W ocenie jakości wód szczególną uwagę zwrócili na proces eutrofizacji, który jest głównym zagrożeniem.W badaniach uwzględniane są również wskaźniki: bakteriologiczny i substancji toksycznych, posiadające charakter weryfikujący jakość wód określoną na podstawie parametrów fizykochemicznych i hydrobiologicznych. Wyjaśniam to troche, i na przykładzie jeziora mnie interesującego czyli j.Księte.

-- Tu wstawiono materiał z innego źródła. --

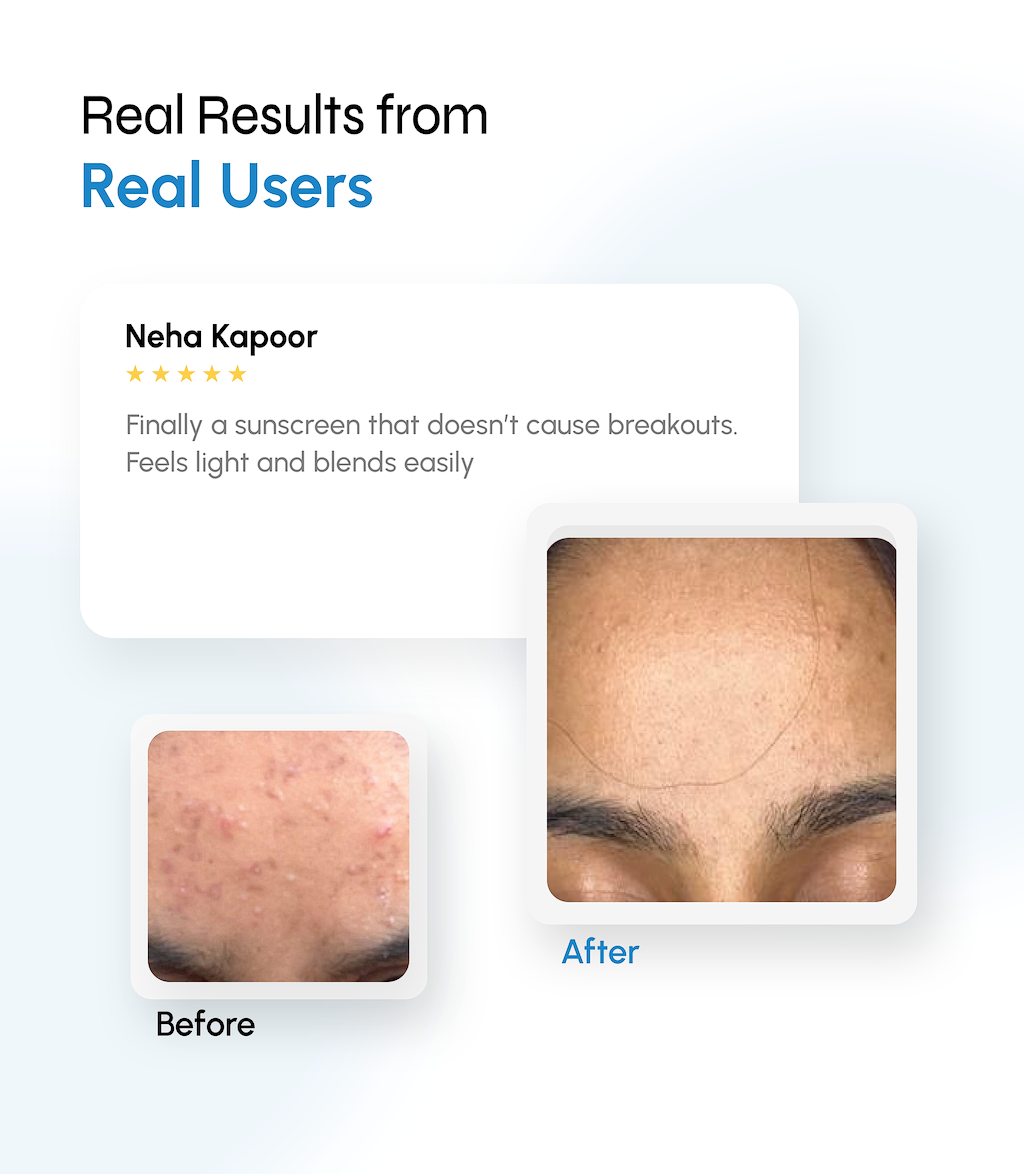 Breakout-Control Sunscreen with Broad Spectrum Shield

Jezioro Księte jak wiedzą zainteresowani jest jeziorem polodowcowym i kiedyś było na pewno oligotroficzne, czyli miało niską zawartość substacji odżywczych rozpuszczonych w wodzie i dobre natlenienie. Cała wyprodukowana materia organiczna podlegała procesowi mineralizacji i wracała do obiegu, czyli była BARDZO MAŁA ILOŚĆ OSADÓW. Wskutek procesu naturalnego użyźniania jezioro oligotroficzne przekształca się w eutroficzne. Proces eutrofizacji może przyspieszyć DOPŁYW ZANIECZYSZCZEŃ PRODUKOWANYCH PRZEZ CZŁOWIEKA. Normalnie jest to proces powolny, ale został on mocno przyśpieszony w wyniku działań człowieka,w wyniku intensyfikacji rolnictwa.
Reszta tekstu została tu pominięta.